### Supplied information
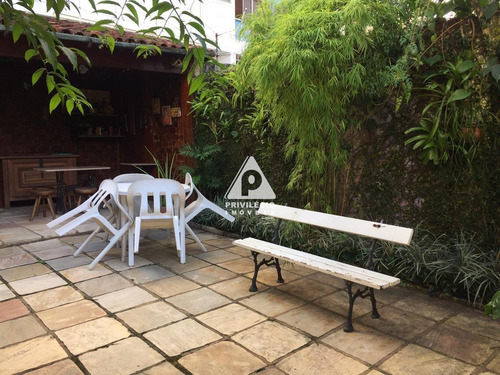 Imagem 20 de 29 de Maravilhosa Casa Em Rua Nobre Da Gávea, Com 5 Quartos, 3 Vagas, Jardim E Linda Área Externa! - 36910
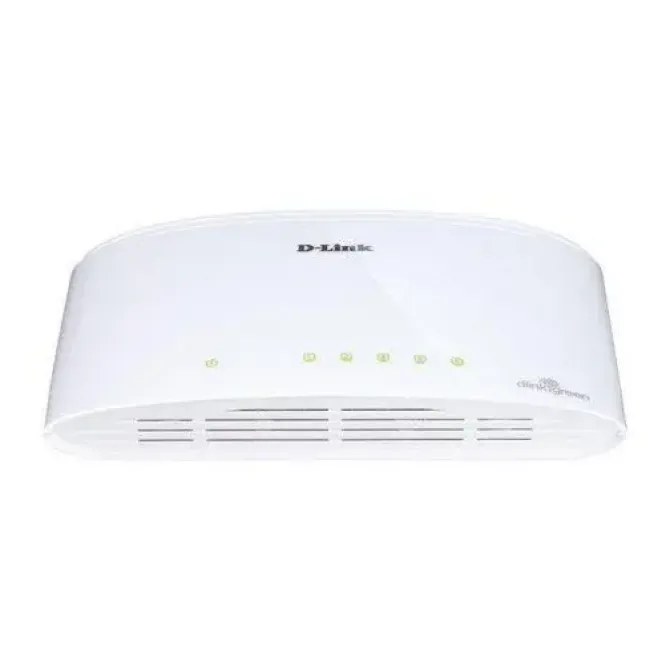 D-LINK SWITCH 5 PUERTOS GIGABIT 10/100/1000 MBPS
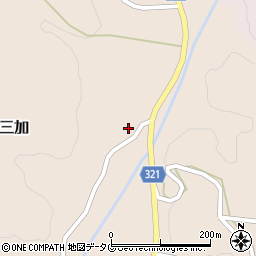 熊本県下益城郡美里町三加1661周辺の地図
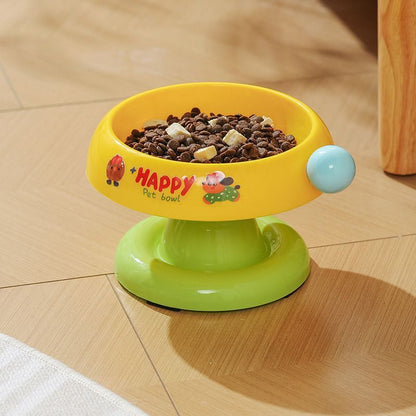 Luxury Anti-Slip Pet Bowl - Ergonomic, Spill-Proof Cat & Dog Feeder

### Directions for this task
Omit the pictures and output all remaining material exactly.

### Exercise result
 Imagem 20 de 29 de Maravilhosa Casa Em Rua Nobre Da Gávea, Com 5 Quartos, 3 Vagas, Jardim E Linda Área Externa! - 36910
 D-LINK SWITCH 5 PUERTOS GIGABIT 10/100/1000 MBPS
 熊本県下益城郡美里町三加1661周辺の地図
 Luxury Anti-Slip Pet Bowl - Ergonomic, Spill-Proof Cat & Dog Feeder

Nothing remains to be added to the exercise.